Rosa awoke to a dull pain in her back. She brushed her long black hair away from her face. This wasn’t how the holidays were supposed to be. Her dark brown eyes stared down at the poncho that covered her. Nothing was right. Not her feeling of sadness, or the pain, or the date, December 23rd. This was a time of happiness and excitement in Bogota, Colombia. In the past, she would have been looking forward to the next party. Now she dared not think of what might be wrong with her. In the cold, unheated room that she shared with her mother, she covered her head with her poncho and prayed that her unhappiness and her problems would disappear.

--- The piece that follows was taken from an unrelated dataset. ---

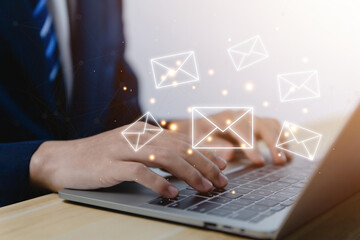 Businessman sending a letter from a laptop. electronic mail concept is online communication on the...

The pain returned, stronger this time. Thank goodness she was on her winter break. She didn’t have to get up and go to school. She had started secretarial school full of energy. But as time went on, she drew away from her classmates. Actually, she had kept to herself for months. She had broken up with her boyfriend and stopped going to parties. She couldn’t bear the food, the smoke, and the noise. No one came to visit her anymore. She wrapped herself tight in her poncho. It warmed everything but the ache in her heart and the worry in her mind.

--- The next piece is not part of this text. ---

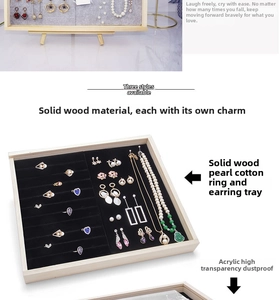 Macro detail of solid wood jewelry organizer with acrylic cover and black foam lining
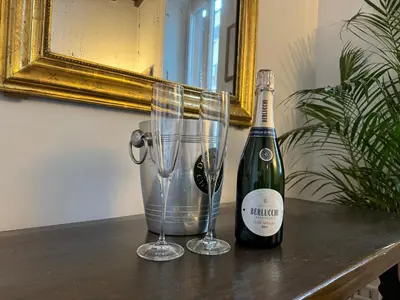 a bottle of champagne and two glasses on a table at House Maximo near Vatican in Rome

The pain subsided. Her body relaxed, yet her mind was in turmoil. She had worked alongside her mama in this beautiful house ever since she could remember. She knew every inch of the floors, furniture, china, and cutlery intimately. The family they served were kind people who took care of their basic needs. As long as she could remember, she wanted to succeed at something that would help her mother rise above their situation. She dreamed of a little apartment that they could call their own. When she decided to go to secretarial school, it had been Pilar, the lady of the house, who had indicated which families her mother could ask for help with tuition. Rosa had completed the first half of the course. Now she was on her winter break, trying to help her mother around the house as much as possible. She was always tired. She knew that her mother had noticed the change in her. She had tried to take Rosa to a doctor, but when she refused, Mama said that the girls at her school must have been bad influences. “You’re gaining weight and getting lazy!” That hurt Rosa’s feelings.
The smell of coffee wafting from the kitchen told her it was 6AM. She knew her mother was cooking eggs and corn tortillas for the man of the house before he left for his office. A new pain settled in her stomach Rosa struggled to sit up and catch her breath. Another pain coiled around Rosa’s body like a snake. She wouldn’t let herself think about what was causing this pain. As it intensified, she shuffled downstairs and told Mama to make an appointment with a doctor. Pilar was in the kitchen and offered to drive her there.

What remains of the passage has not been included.